→ Data provided
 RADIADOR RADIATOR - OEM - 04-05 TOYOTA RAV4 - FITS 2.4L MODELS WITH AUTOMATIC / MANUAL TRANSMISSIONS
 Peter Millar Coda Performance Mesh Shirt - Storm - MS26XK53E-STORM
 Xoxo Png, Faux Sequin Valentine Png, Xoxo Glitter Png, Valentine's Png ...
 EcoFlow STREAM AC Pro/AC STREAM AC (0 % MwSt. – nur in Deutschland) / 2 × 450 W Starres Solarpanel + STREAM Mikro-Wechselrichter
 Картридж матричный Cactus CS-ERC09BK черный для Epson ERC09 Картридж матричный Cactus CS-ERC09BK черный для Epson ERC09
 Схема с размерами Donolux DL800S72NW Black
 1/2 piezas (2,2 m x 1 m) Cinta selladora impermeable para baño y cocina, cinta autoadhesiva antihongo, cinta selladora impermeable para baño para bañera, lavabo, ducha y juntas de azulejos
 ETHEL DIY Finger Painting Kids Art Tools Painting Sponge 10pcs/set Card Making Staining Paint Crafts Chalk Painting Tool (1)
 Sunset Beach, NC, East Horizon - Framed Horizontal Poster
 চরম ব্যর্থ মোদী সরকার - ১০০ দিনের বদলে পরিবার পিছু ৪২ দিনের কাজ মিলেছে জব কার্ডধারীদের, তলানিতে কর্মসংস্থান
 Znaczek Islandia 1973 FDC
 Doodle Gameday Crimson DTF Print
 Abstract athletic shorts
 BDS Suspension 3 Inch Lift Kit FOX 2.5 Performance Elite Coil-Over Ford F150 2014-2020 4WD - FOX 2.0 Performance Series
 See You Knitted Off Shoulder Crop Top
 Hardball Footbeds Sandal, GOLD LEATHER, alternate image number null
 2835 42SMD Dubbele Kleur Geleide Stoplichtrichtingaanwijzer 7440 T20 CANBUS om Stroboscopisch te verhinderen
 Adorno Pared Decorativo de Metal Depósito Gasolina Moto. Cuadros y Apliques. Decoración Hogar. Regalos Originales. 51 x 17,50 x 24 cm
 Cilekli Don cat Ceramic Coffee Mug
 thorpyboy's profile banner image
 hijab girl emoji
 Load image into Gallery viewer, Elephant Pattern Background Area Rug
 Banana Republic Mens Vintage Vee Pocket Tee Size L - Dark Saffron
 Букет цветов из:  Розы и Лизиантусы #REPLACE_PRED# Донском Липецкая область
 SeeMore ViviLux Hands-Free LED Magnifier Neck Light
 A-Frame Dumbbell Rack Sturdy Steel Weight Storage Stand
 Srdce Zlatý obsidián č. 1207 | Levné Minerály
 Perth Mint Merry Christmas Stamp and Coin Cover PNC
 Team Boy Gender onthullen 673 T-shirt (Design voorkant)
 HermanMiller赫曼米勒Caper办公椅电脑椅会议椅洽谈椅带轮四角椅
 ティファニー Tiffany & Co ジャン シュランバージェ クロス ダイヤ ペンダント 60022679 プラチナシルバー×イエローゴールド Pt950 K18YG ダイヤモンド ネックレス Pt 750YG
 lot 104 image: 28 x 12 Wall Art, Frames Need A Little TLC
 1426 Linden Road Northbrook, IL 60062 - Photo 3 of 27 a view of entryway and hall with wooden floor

→ About this task
Restate the listing above in full, exactly.

→ Exercise response
 RADIADOR RADIATOR - OEM - 04-05 TOYOTA RAV4 - FITS 2.4L MODELS WITH AUTOMATIC / MANUAL TRANSMISSIONS
 Peter Millar Coda Performance Mesh Shirt - Storm - MS26XK53E-STORM
 Xoxo Png, Faux Sequin Valentine Png, Xoxo Glitter Png, Valentine's Png ...
 EcoFlow STREAM AC Pro/AC STREAM AC (0 % MwSt. – nur in Deutschland) / 2 × 450 W Starres Solarpanel + STREAM Mikro-Wechselrichter
 Картридж матричный Cactus CS-ERC09BK черный для Epson ERC09 Картридж матричный Cactus CS-ERC09BK черный для Epson ERC09
 Схема с размерами Donolux DL800S72NW Black
 1/2 piezas (2,2 m x 1 m) Cinta selladora impermeable para baño y cocina, cinta autoadhesiva antihongo, cinta selladora impermeable para baño para bañera, lavabo, ducha y juntas de azulejos
 ETHEL DIY Finger Painting Kids Art Tools Painting Sponge 10pcs/set Card Making Staining Paint Crafts Chalk Painting Tool (1)
 Sunset Beach, NC, East Horizon - Framed Horizontal Poster
 চরম ব্যর্থ মোদী সরকার - ১০০ দিনের বদলে পরিবার পিছু ৪২ দিনের কাজ মিলেছে জব কার্ডধারীদের, তলানিতে কর্মসংস্থান
 Znaczek Islandia 1973 FDC
 Doodle Gameday Crimson DTF Print
 Abstract athletic shorts
 BDS Suspension 3 Inch Lift Kit FOX 2.5 Performance Elite Coil-Over Ford F150 2014-2020 4WD - FOX 2.0 Performance Series
 See You Knitted Off Shoulder Crop Top
 Hardball Footbeds Sandal, GOLD LEATHER, alternate image number null
 2835 42SMD Dubbele Kleur Geleide Stoplichtrichtingaanwijzer 7440 T20 CANBUS om Stroboscopisch te verhinderen
 Adorno Pared Decorativo de Metal Depósito Gasolina Moto. Cuadros y Apliques. Decoración Hogar. Regalos Originales. 51 x 17,50 x 24 cm
 Cilekli Don cat Ceramic Coffee Mug
 thorpyboy's profile banner image
 hijab girl emoji
 Load image into Gallery viewer, Elephant Pattern Background Area Rug
 Banana Republic Mens Vintage Vee Pocket Tee Size L - Dark Saffron
 Букет цветов из:  Розы и Лизиантусы #REPLACE_PRED# Донском Липецкая область
 SeeMore ViviLux Hands-Free LED Magnifier Neck Light
 A-Frame Dumbbell Rack Sturdy Steel Weight Storage Stand
 Srdce Zlatý obsidián č. 1207 | Levné Minerály
 Perth Mint Merry Christmas Stamp and Coin Cover PNC
 Team Boy Gender onthullen 673 T-shirt (Design voorkant)
 HermanMiller赫曼米勒Caper办公椅电脑椅会议椅洽谈椅带轮四角椅
 ティファニー Tiffany & Co ジャン シュランバージェ クロス ダイヤ ペンダント 60022679 プラチナシルバー×イエローゴールド Pt950 K18YG ダイヤモンド ネックレス Pt 750YG
 lot 104 image: 28 x 12 Wall Art, Frames Need A Little TLC
 1426 Linden Road Northbrook, IL 60062 - Photo 3 of 27 a view of entryway and hall with wooden floor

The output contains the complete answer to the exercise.